Dhont also defends the camera’s focus on Lara’s groin. “All the scenes that focused on the body came directly from Nora,” he says. “And anyway, cinema is [a] voyeur. As a filmmaker, as an audience, you’ve entered someone’s life. Everything you see is personal.” This focus also feels essential: Lara’s genitals are a betrayal of her identity. And if, at times, the lens becomes a voyeur, it’s a pointed reflection of a world that sees her as a curio.
“There was always a fascination with what was between my legs,” says Monsecour. “Friends wouldn’t accept me in their bedrooms.” One of the film’s most powerful scenes has Lara’s classmates corner her into lifting up her dress.
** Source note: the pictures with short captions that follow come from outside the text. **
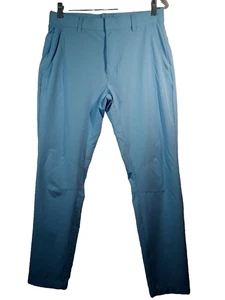 Fabletics The Only Pant Men 31x 32 Blue Slim Fit Flat Front - Picture 1 of 24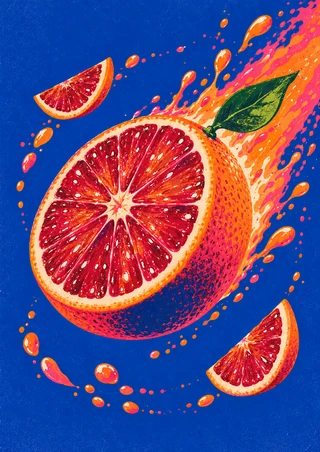 Large sliced blood orange with a green leaf and smaller citrus wedges streaking across a cobalt-blue background.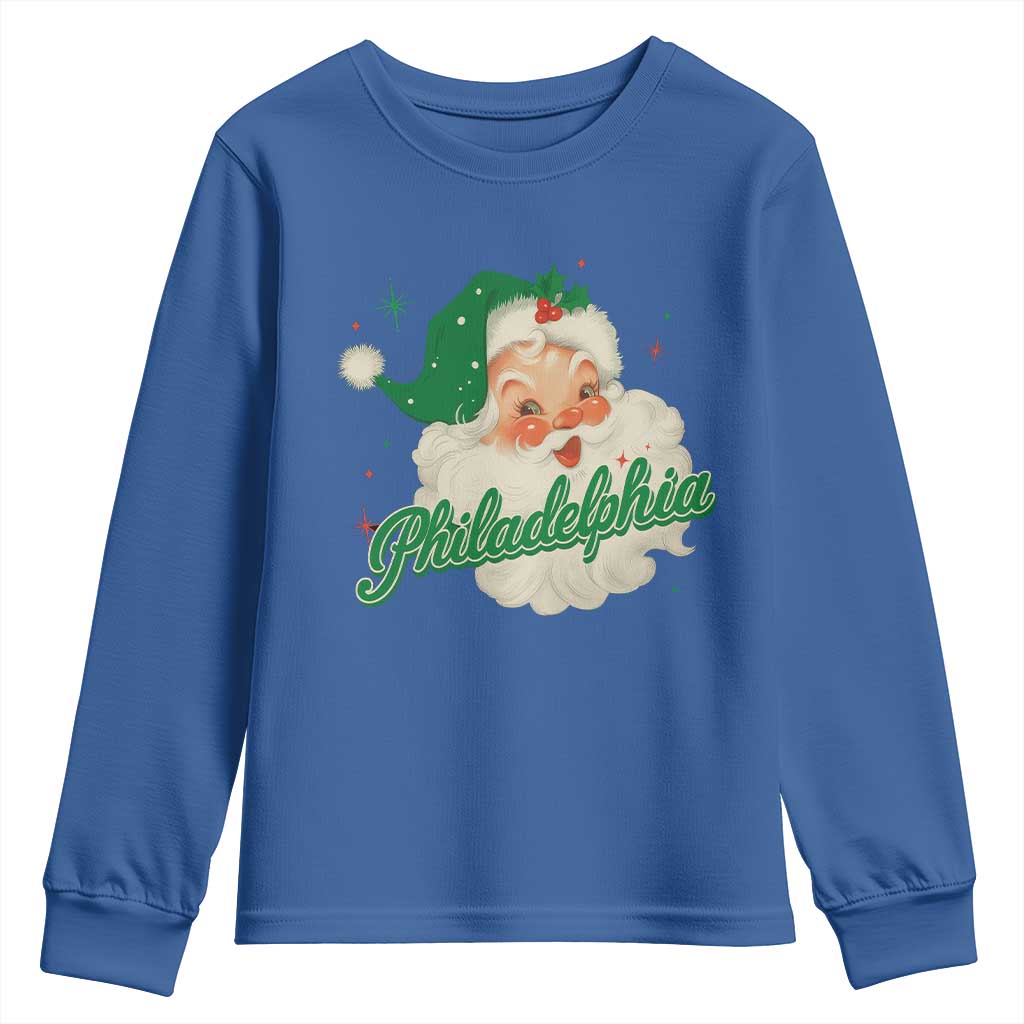 Christmas Philadelphia Football Youth Sweatshirt Vintage Santa Philly Lovers - Wonder Print Shop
The scene is distressingly long and uncomfortably naturalistic, and, according to Dhont, the trickiest scene to film. We watch Lara refuse quietly countless times, the camera unflinching, until she obliges, forcing the viewer into perverse alliance with shame-faced peers who do nothing to intervene.
In another scene, Lara’s school teacher asks the class to raise their hands if they feel uncomfortable sharing a changing room with Lara. “This actually happened to me,” says Monsecour, who also took no issue with the fact that Lara was played by a non-transgender actor. She and Dhont held an open casting-call for over 500 people, and were wary of casting a transitioning transgender actor who would be at a vulnerable time of their lives – a period they might regret having immortalised on screen.
“I appreciate why people spoke up about it,” says Monsecour. “But unlike in Hollywood, where it’s different because there are a lot of talented trans actors, and money and status get in the way, it was much harder for us. And we needed someone who could dance. I never cared whether the actor was trans or gay, I just wanted someone who could play Lara.”
Dhont adds: “It’s interesting that people want to categorise Victor. Because in a way, that’s what this film is about. About categories and boxes. I see gender as performative. And Victor’s performance shows that you can channel the gender you are not, whenever you want.”
Both Dhont and Monsecour remain sanguine about the criticism. “There is a danger,” says Dhont, “in mixing activism and art. There is a radicalism, and aggression, and extremism in the way we react to each other that I really don’t like.”
Dhont made sure to reply to every critic who took issue with his film, even Skyping one in particular.
“I wanted them to understand that this wasn’t the portrait of a trans community,” says Dhont. “This film was about one moment. One life. One girl.”